• EXERCISE DETAILS: When a line below contains the string "Vision", show that line.

• DATASET CONTENT:
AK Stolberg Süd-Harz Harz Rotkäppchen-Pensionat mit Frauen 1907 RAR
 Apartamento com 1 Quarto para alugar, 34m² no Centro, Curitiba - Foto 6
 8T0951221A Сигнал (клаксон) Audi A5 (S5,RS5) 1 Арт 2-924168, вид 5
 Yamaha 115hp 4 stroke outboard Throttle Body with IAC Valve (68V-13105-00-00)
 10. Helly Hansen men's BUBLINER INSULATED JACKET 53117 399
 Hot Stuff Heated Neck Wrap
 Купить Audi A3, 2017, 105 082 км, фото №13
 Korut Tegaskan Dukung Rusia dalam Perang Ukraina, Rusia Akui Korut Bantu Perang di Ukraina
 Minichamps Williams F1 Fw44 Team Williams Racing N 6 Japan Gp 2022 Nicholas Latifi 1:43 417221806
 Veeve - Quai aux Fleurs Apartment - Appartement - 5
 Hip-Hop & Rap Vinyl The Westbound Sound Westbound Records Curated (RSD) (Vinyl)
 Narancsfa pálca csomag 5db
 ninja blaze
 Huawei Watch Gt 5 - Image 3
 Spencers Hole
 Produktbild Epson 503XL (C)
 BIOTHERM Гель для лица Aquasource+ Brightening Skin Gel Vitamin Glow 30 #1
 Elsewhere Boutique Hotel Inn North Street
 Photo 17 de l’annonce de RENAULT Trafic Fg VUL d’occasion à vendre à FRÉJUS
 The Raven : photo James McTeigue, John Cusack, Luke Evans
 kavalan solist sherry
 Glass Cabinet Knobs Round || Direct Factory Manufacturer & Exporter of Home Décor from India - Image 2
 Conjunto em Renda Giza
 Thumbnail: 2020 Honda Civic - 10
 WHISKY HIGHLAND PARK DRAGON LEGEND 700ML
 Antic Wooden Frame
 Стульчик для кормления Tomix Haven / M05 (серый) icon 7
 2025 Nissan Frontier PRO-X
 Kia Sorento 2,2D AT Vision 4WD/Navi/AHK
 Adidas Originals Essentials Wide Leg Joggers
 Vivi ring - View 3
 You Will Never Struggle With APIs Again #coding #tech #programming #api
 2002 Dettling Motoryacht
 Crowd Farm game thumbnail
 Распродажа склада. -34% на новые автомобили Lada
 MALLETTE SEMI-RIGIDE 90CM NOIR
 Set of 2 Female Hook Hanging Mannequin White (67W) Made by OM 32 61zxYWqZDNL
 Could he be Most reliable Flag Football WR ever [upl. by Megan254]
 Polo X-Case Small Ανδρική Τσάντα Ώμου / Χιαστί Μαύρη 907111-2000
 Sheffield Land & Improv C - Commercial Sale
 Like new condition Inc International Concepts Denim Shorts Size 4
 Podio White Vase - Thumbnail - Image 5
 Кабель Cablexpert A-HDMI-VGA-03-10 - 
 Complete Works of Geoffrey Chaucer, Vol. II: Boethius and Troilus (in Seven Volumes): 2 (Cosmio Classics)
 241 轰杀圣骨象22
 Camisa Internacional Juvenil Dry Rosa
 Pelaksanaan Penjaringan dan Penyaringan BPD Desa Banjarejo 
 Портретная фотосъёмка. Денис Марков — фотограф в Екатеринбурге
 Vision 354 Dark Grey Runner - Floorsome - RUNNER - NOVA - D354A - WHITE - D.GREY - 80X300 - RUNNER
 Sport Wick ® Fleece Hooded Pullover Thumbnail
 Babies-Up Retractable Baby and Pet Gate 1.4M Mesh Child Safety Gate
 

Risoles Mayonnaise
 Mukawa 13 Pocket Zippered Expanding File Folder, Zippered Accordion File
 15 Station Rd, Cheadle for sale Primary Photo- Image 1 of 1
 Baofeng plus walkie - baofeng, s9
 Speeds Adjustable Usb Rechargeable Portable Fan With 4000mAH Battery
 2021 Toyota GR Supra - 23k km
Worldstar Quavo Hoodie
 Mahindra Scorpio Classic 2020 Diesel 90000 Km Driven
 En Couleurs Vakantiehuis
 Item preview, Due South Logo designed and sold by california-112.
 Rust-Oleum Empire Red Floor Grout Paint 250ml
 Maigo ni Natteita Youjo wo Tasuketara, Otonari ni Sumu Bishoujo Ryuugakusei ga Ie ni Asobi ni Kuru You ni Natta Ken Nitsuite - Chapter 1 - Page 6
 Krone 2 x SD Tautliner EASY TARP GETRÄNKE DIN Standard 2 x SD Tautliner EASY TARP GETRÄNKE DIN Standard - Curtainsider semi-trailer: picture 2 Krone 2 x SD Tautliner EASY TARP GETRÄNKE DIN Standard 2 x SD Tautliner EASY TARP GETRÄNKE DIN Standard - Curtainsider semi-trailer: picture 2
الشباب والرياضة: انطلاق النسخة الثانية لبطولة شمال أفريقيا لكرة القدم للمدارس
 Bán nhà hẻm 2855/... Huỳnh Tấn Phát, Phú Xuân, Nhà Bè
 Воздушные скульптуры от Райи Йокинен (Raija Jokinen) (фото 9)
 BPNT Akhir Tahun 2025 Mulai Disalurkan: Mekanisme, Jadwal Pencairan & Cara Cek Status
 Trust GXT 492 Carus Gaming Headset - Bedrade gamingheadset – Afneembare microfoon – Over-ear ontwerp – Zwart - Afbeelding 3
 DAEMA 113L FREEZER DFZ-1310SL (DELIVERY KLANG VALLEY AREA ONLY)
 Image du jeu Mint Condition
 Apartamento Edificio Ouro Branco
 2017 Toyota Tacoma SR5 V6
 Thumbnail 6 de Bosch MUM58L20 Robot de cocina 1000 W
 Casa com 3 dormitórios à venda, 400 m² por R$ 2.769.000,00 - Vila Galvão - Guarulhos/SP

• SOLVED EXERCISE:
 Kia Sorento 2,2D AT Vision 4WD/Navi/AHK
 Vision 354 Dark Grey Runner - Floorsome - RUNNER - NOVA - D354A - WHITE - D.GREY - 80X300 - RUNNER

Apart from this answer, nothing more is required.